A autoridade dos EUA disse que Washington previa primeiro reabrir o estreito e levantar o bloqueio naval dos EUA.

Isso “retiraria a pressão económica da economia mundial, e depois negociar-se-ia o mecanismo pelo qual eles desistiriam de várias partes do programa nuclear, e sim, claro, contemplaríamos algum limite de tempo”, disse o responsável.

Negociar os detalhes das medidas nucleares levaria mais tempo, disse ele.

Ele rejeitou as sugestões de que o Irão não aceitou a eliminação do seu urânio enriquecido armazenado. “É uma questão de como”, disse o funcionário, acrescentando que “há uma série de considerações práticas”.

Fontes iranianas disseram à Reuters que em fases futuras poderão ser encontradas “fórmulas viáveis” para resolver a disputa sobre o seu stock de urânio altamente enriquecido, incluindo a diluição do material sob a supervisão do órgão de vigilância nuclear da ONU.
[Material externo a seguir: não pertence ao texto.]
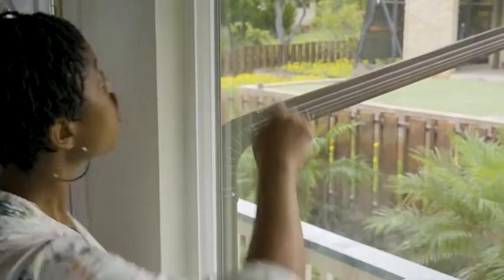Something else to consider when preparing your home for a hurricane is boarding and taping up your windows. If you tape, you should tape it in an X motion. This will prevent your window from shattering.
O Irão há muito que nega as acusações dos EUA e de Israel de que está a desenvolver armas nucleares e afirma que tem o direito de enriquecer urânio para fins civis, embora a pureza que alcançou exceda em muito a necessária para a geração de energia.

Num outro obstáculo potencial, um conselheiro militar iraniano de Khamenei disse que Teerão tem o direito legal de gerir o Estreito de Ormuz, embora não esteja claro se isso significa continuar a decidir quais os navios que podem passar.

Pessoas agitam bandeiras e seguram retratos dos mortos na mesquita Imam Khomeini Mosalla, em Teerã, no Irã, no fim de semana para comemorar os mortos na atual guerra entre EUA e Israel, bem como em conflitos anteriores.Pessoas agitam bandeiras e seguram retratos dos mortos na mesquita Imam Khomeini Mosalla, em Teerã, no Irã, no fim de semana para comemorar os mortos na atual guerra entre EUA e Israel, bem como em conflitos anteriores.GettyImages

A Guarda Revolucionária do Irã disse que 33 navios passaram pelo estreito nas últimas 24 horas depois de obterem permissão de Teerã, ainda muito aquém dos 140 de um dia típico antes da guerra.

Qualquer acordo que reforce o actual frágil cessar-fogo traria alívio aos mercados, mas não acabaria imediatamente com a crise energética global, que aumentou os custos de combustível, fertilizantes e alimentos.

Mesmo que a guerra termine agora, o fluxo total através do estreito não retornará antes do primeiro ou segundo trimestre de ‌2027, disse o chefe da Companhia Nacional de Petróleo de Abu Dhabi na semana passada.

O bombardeamento EUA-Israel ao Irão matou milhares de pessoas no Irão antes de ser suspenso no início de Abril.

Israel também matou milhares de pessoas e expulsou centenas de milhares de suas casas no Líbano, que invadiu em perseguição ao Hezbollah. Os ataques iranianos a Israel e aos estados vizinhos do Golfo mataram dezenas de pessoas.